:: WHAT TO PRODUCE ::
For this exercise, output exactly and only the lines running from the one with "Pdf Systematic Review" through the final line of the data below, without pictures.

:: GIVEN DATA ::

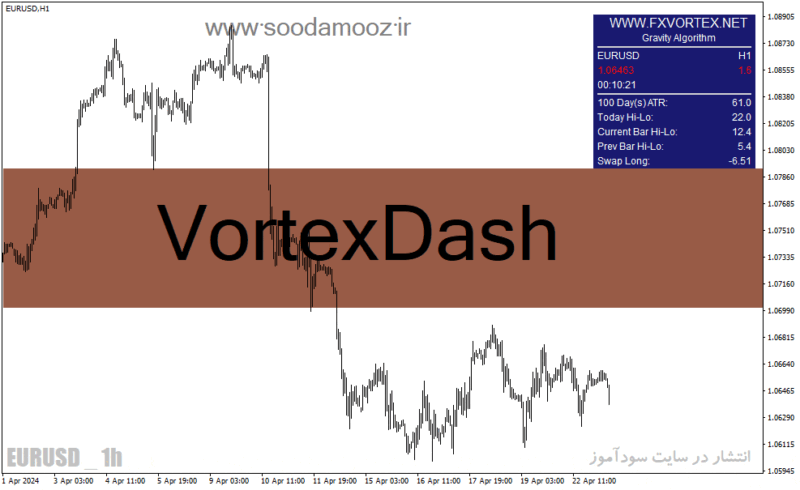 خرید و دانلود دانلود اندیکاتور زمان اتمام کندل برای متاتریدر4 با نام VortexDash - تصویر 2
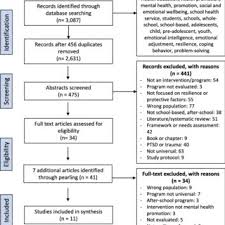 Pdf Systematic Review Of Resilience Enhancing Universal Primary School Based Mental Health Promotion Programs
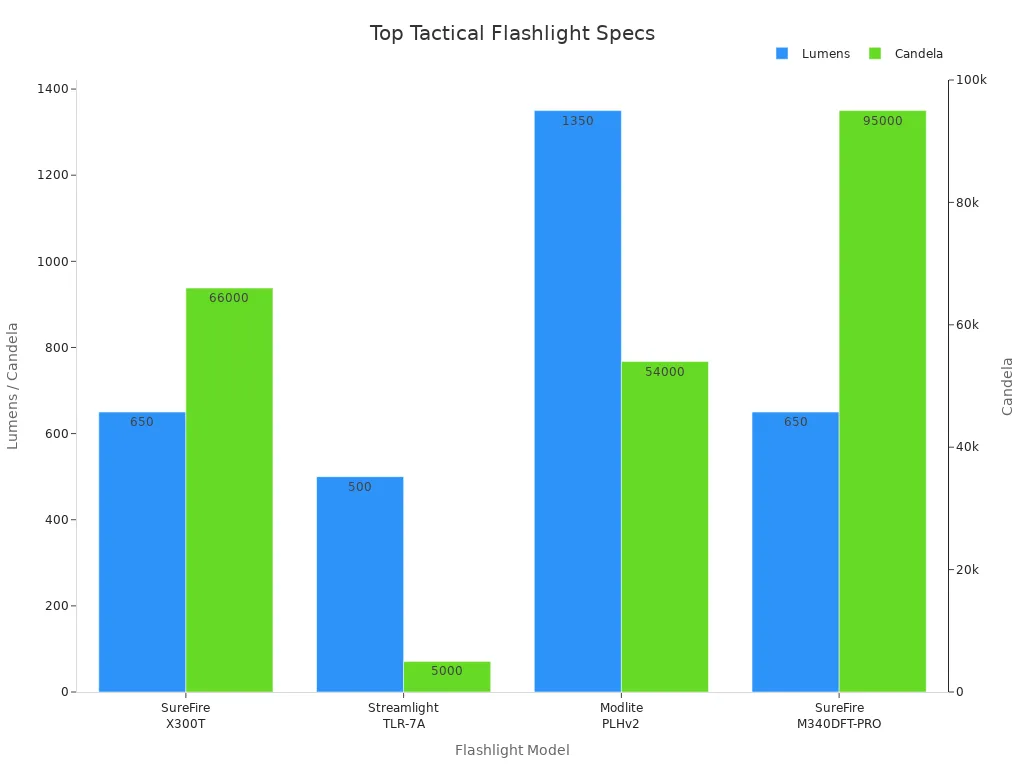 Bar chart comparing lumens and candela of top tactical flashlights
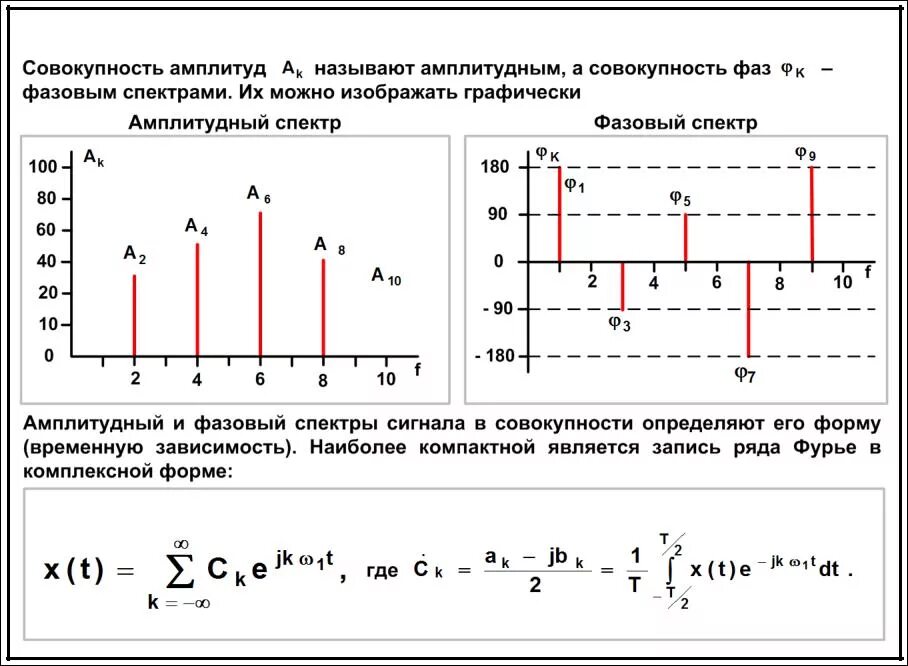 Амплитудный и фазовый спектр сигнала. Амплитудный и фазовый спектры сигнала связь. Амплитудный спектр синусоидального сигнала. Как построить фазовый спектр сигнала.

:: SOLUTION TO THIS EXERCISE ::
 Pdf Systematic Review Of Resilience Enhancing Universal Primary School Based Mental Health Promotion Programs
 Bar chart comparing lumens and candela of top tactical flashlights
 Амплитудный и фазовый спектр сигнала. Амплитудный и фазовый спектры сигнала связь. Амплитудный спектр синусоидального сигнала. Как построить фазовый спектр сигнала.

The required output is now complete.